** Material provided follows **

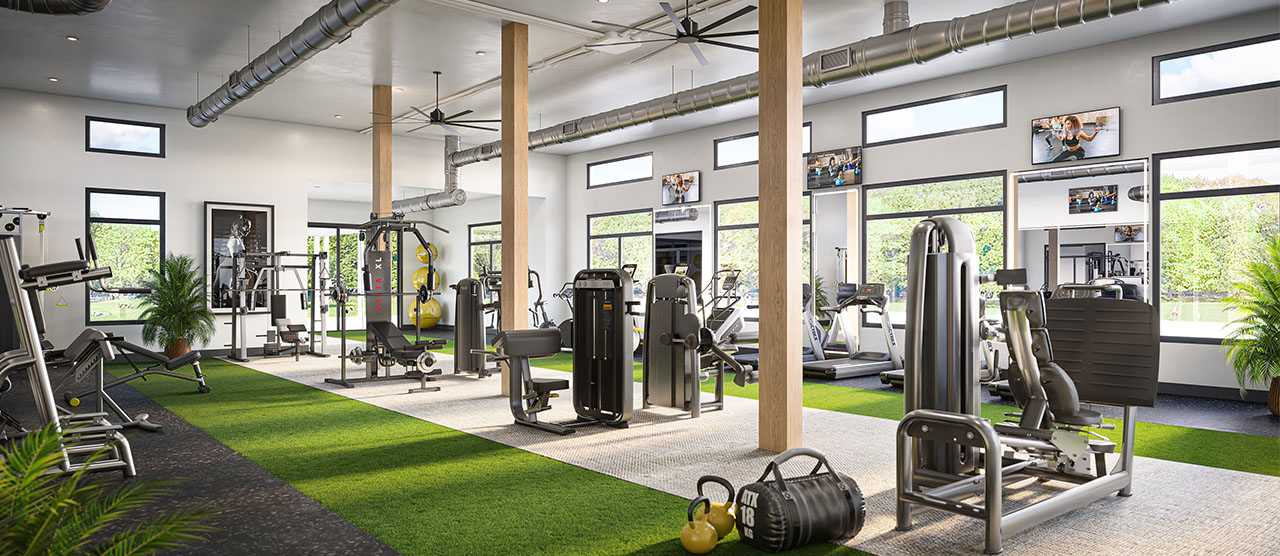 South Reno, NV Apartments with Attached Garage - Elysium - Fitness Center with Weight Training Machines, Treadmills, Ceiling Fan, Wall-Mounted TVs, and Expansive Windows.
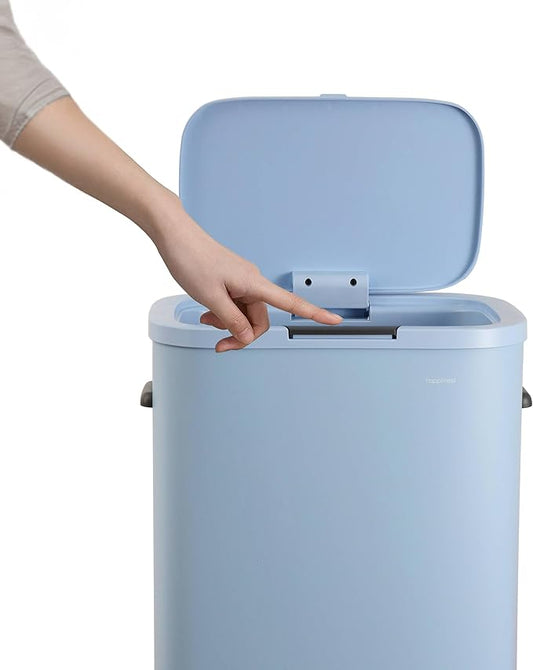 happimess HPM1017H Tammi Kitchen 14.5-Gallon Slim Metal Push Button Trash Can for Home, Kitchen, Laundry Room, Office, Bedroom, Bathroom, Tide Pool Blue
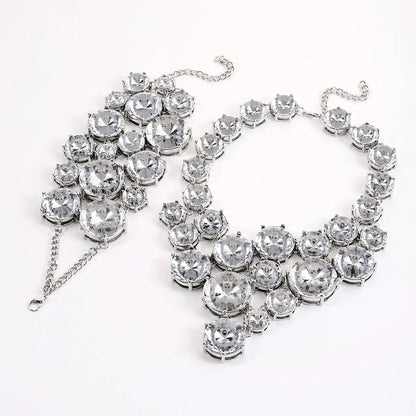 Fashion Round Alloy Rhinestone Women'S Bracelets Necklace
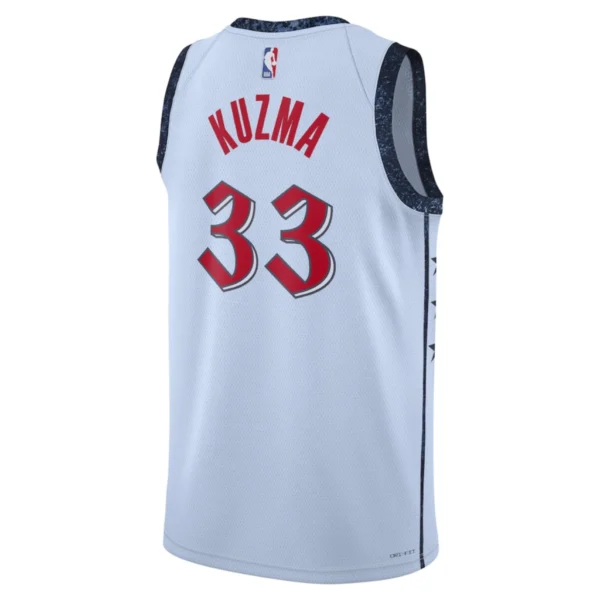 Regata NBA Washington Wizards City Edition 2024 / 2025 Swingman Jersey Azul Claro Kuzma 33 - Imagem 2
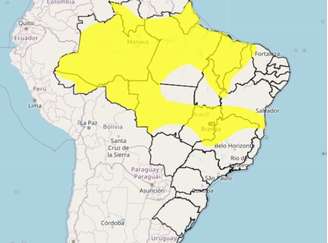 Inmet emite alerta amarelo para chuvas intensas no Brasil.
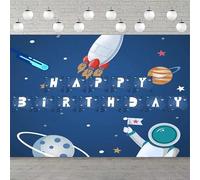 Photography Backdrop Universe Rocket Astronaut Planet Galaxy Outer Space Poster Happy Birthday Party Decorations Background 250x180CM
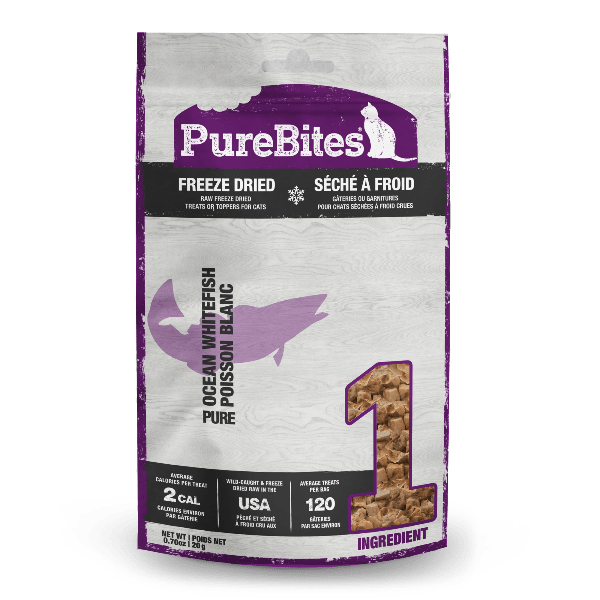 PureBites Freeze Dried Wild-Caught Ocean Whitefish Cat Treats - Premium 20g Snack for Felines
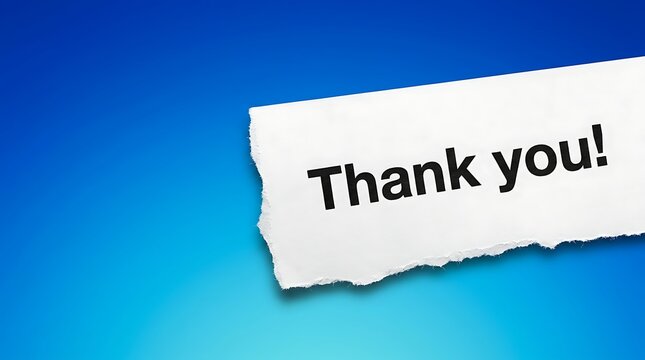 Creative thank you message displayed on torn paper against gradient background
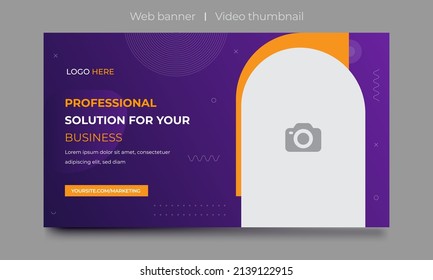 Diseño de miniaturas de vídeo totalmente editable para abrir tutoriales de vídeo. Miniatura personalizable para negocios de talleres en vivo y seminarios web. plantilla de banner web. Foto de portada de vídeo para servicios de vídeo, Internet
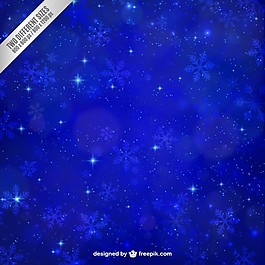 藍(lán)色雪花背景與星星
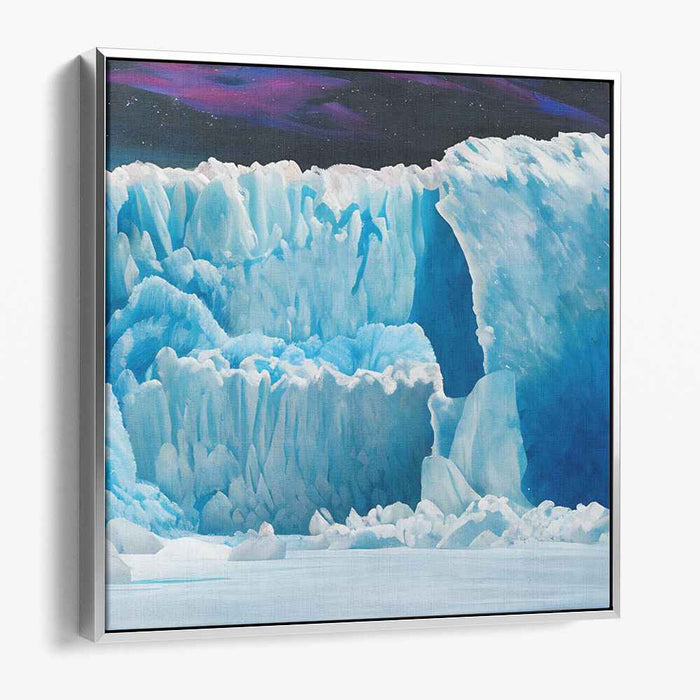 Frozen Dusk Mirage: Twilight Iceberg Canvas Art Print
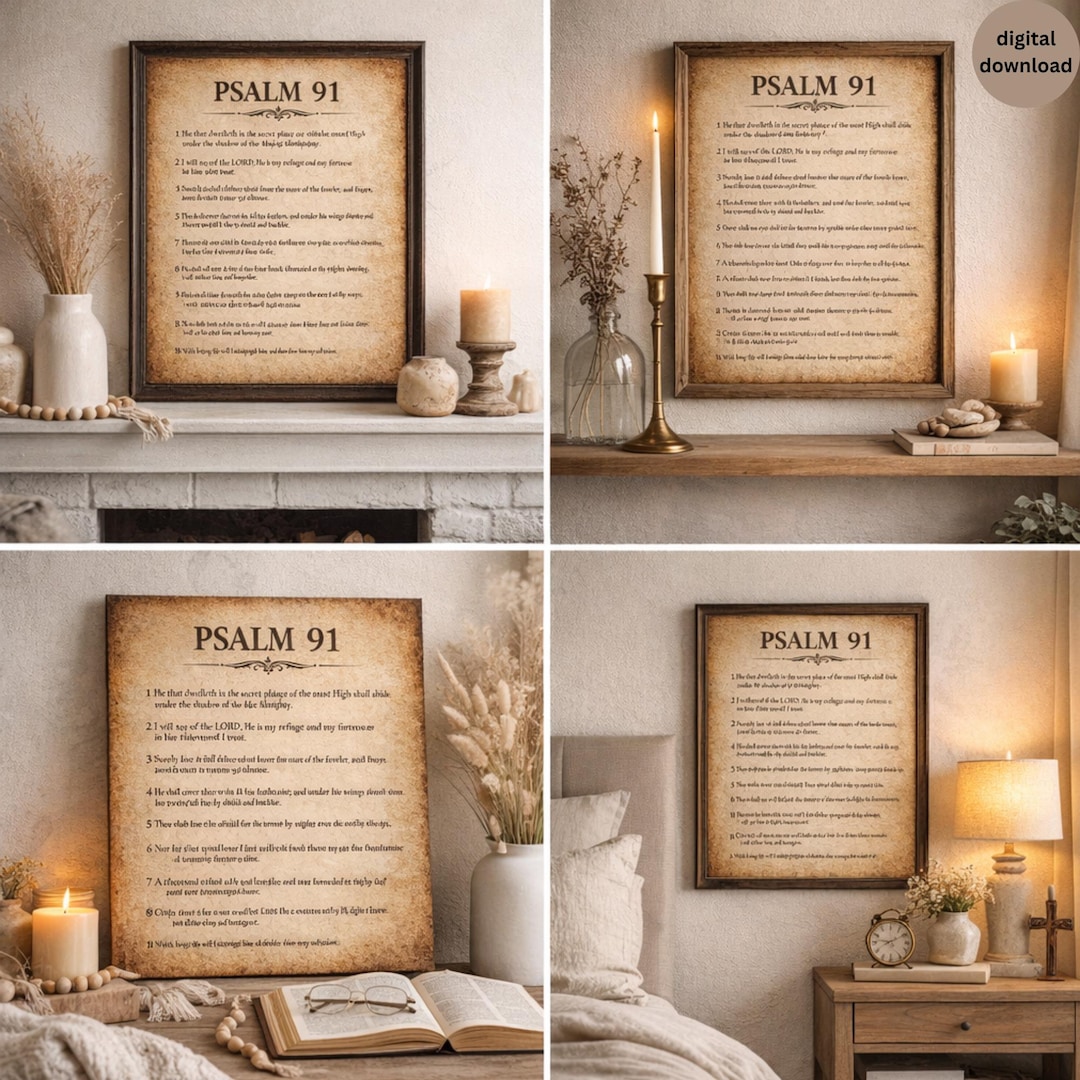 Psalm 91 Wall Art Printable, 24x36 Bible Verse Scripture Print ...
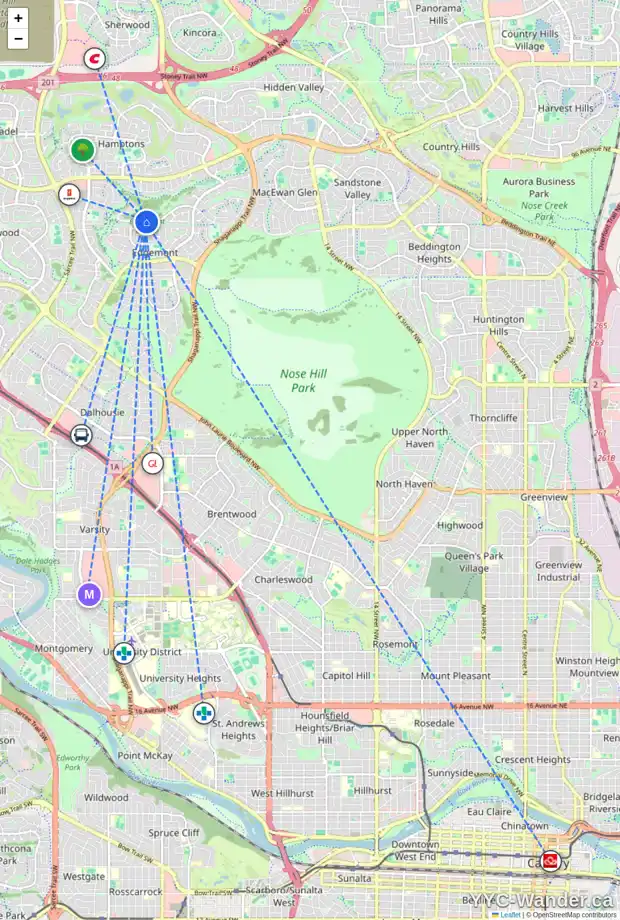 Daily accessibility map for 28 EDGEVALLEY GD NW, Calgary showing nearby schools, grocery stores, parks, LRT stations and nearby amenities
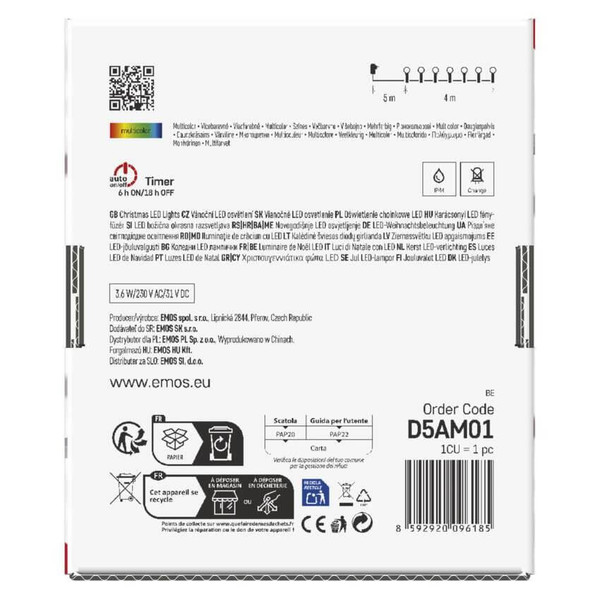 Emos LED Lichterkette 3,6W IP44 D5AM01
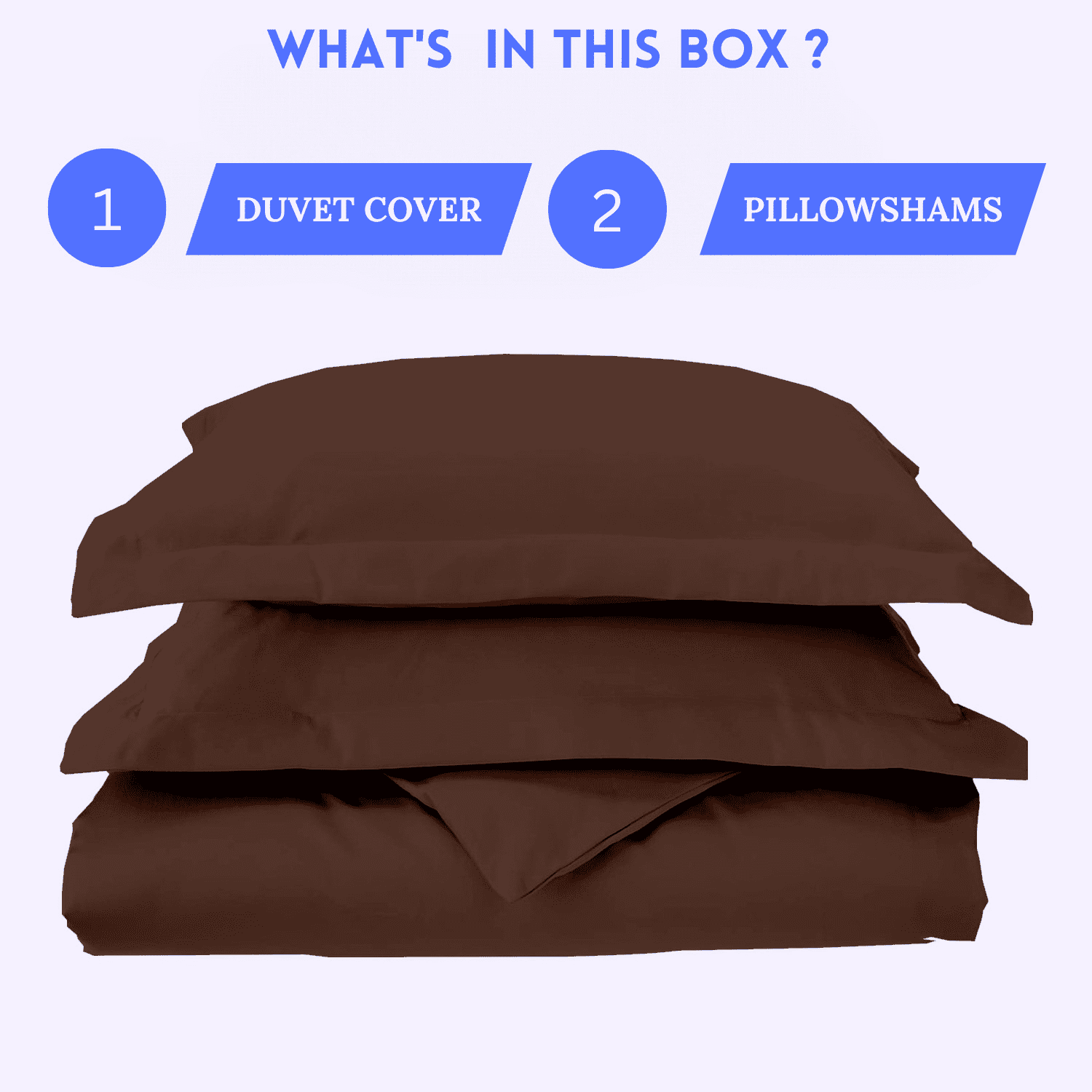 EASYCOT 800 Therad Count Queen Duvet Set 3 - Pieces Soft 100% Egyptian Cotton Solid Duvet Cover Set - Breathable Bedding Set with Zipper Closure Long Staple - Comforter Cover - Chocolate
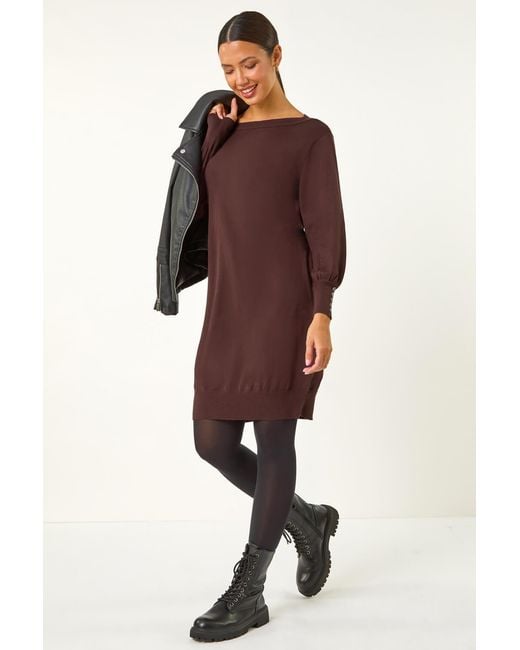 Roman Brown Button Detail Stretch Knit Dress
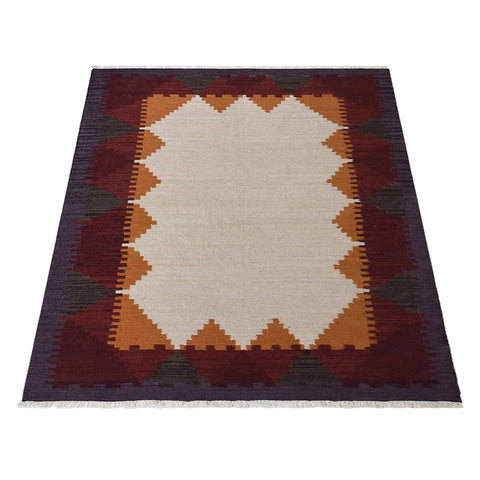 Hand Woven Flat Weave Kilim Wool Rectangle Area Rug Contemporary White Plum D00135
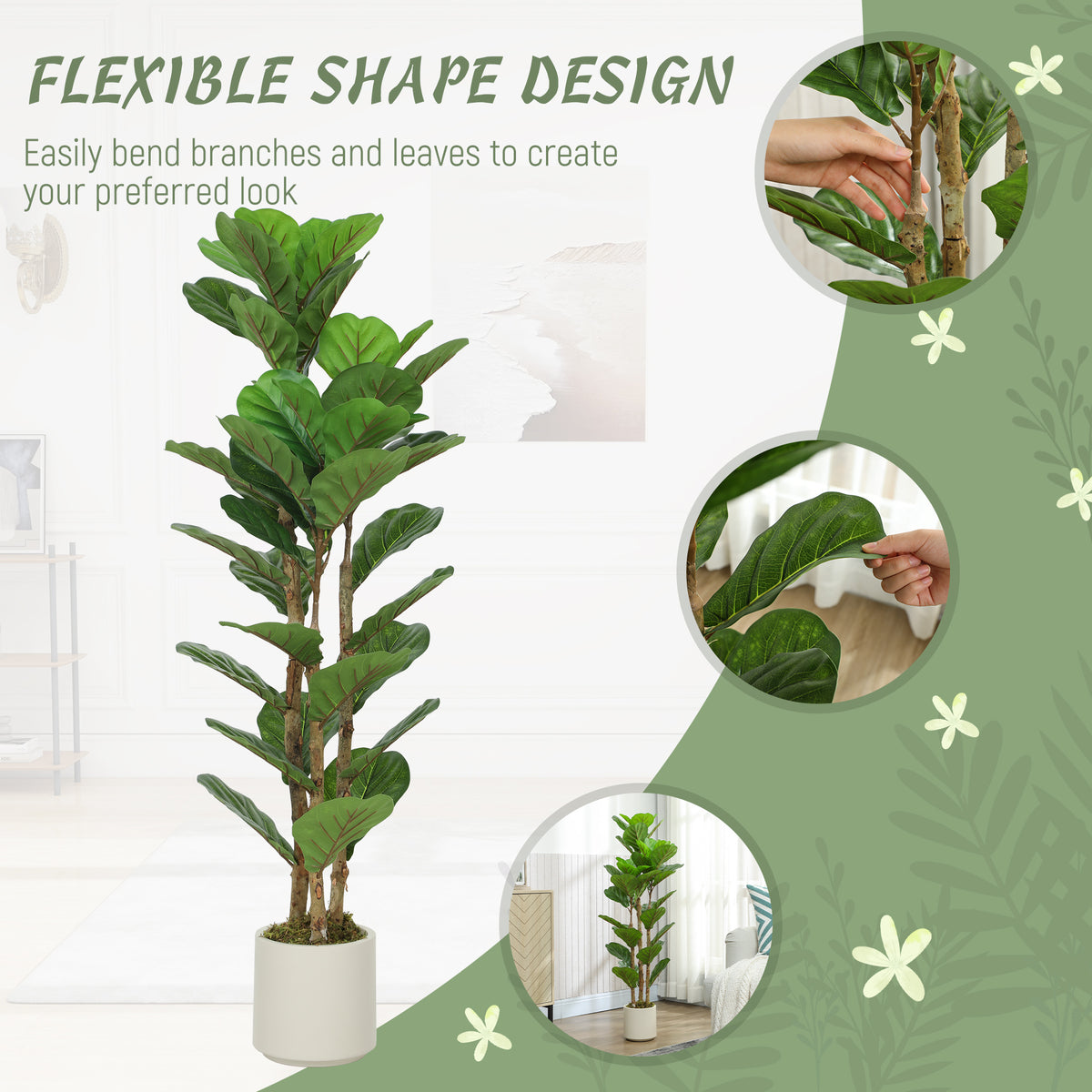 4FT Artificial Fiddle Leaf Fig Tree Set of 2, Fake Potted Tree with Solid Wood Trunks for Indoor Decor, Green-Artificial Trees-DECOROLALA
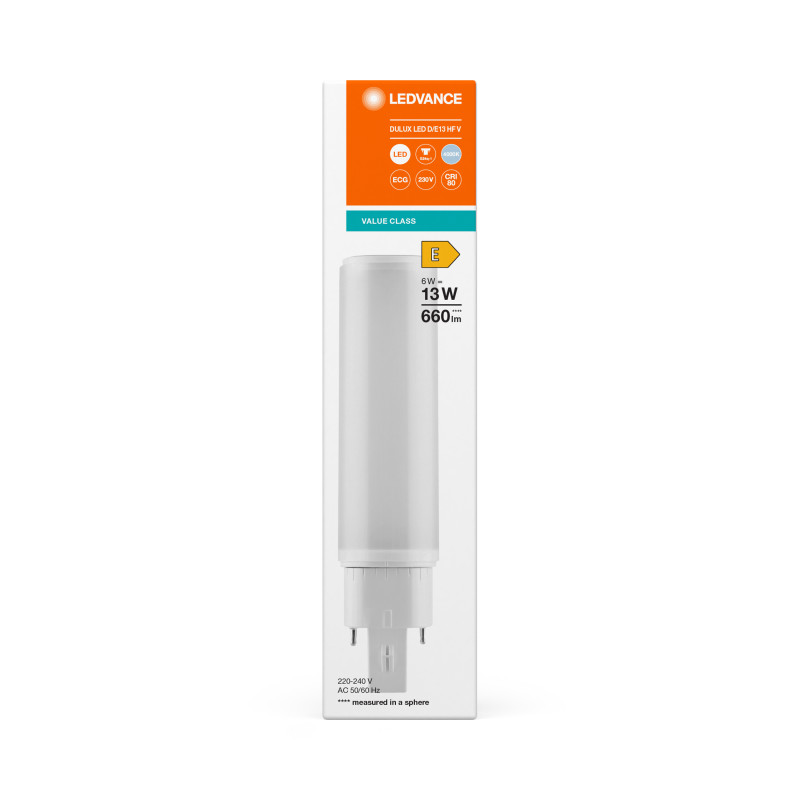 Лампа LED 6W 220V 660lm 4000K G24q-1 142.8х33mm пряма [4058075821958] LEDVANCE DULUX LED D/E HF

** End of Material provided **

Task to carry out
Omit every picture, then repeat the remaining data exactly as it appears above.

Answer for this exercise
 South Reno, NV Apartments with Attached Garage - Elysium - Fitness Center with Weight Training Machines, Treadmills, Ceiling Fan, Wall-Mounted TVs, and Expansive Windows.
 happimess HPM1017H Tammi Kitchen 14.5-Gallon Slim Metal Push Button Trash Can for Home, Kitchen, Laundry Room, Office, Bedroom, Bathroom, Tide Pool Blue
 Fashion Round Alloy Rhinestone Women'S Bracelets Necklace
 Regata NBA Washington Wizards City Edition 2024 / 2025 Swingman Jersey Azul Claro Kuzma 33 - Imagem 2
 Inmet emite alerta amarelo para chuvas intensas no Brasil.
 Photography Backdrop Universe Rocket Astronaut Planet Galaxy Outer Space Poster Happy Birthday Party Decorations Background 250x180CM
 PureBites Freeze Dried Wild-Caught Ocean Whitefish Cat Treats - Premium 20g Snack for Felines
 Creative thank you message displayed on torn paper against gradient background
 Diseño de miniaturas de vídeo totalmente editable para abrir tutoriales de vídeo. Miniatura personalizable para negocios de talleres en vivo y seminarios web. plantilla de banner web. Foto de portada de vídeo para servicios de vídeo, Internet
 藍(lán)色雪花背景與星星
 Frozen Dusk Mirage: Twilight Iceberg Canvas Art Print
 Psalm 91 Wall Art Printable, 24x36 Bible Verse Scripture Print ...
 Daily accessibility map for 28 EDGEVALLEY GD NW, Calgary showing nearby schools, grocery stores, parks, LRT stations and nearby amenities
 Emos LED Lichterkette 3,6W IP44 D5AM01
 EASYCOT 800 Therad Count Queen Duvet Set 3 - Pieces Soft 100% Egyptian Cotton Solid Duvet Cover Set - Breathable Bedding Set with Zipper Closure Long Staple - Comforter Cover - Chocolate
 Roman Brown Button Detail Stretch Knit Dress
 Hand Woven Flat Weave Kilim Wool Rectangle Area Rug Contemporary White Plum D00135
 4FT Artificial Fiddle Leaf Fig Tree Set of 2, Fake Potted Tree with Solid Wood Trunks for Indoor Decor, Green-Artificial Trees-DECOROLALA
 Лампа LED 6W 220V 660lm 4000K G24q-1 142.8х33mm пряма [4058075821958] LEDVANCE DULUX LED D/E HF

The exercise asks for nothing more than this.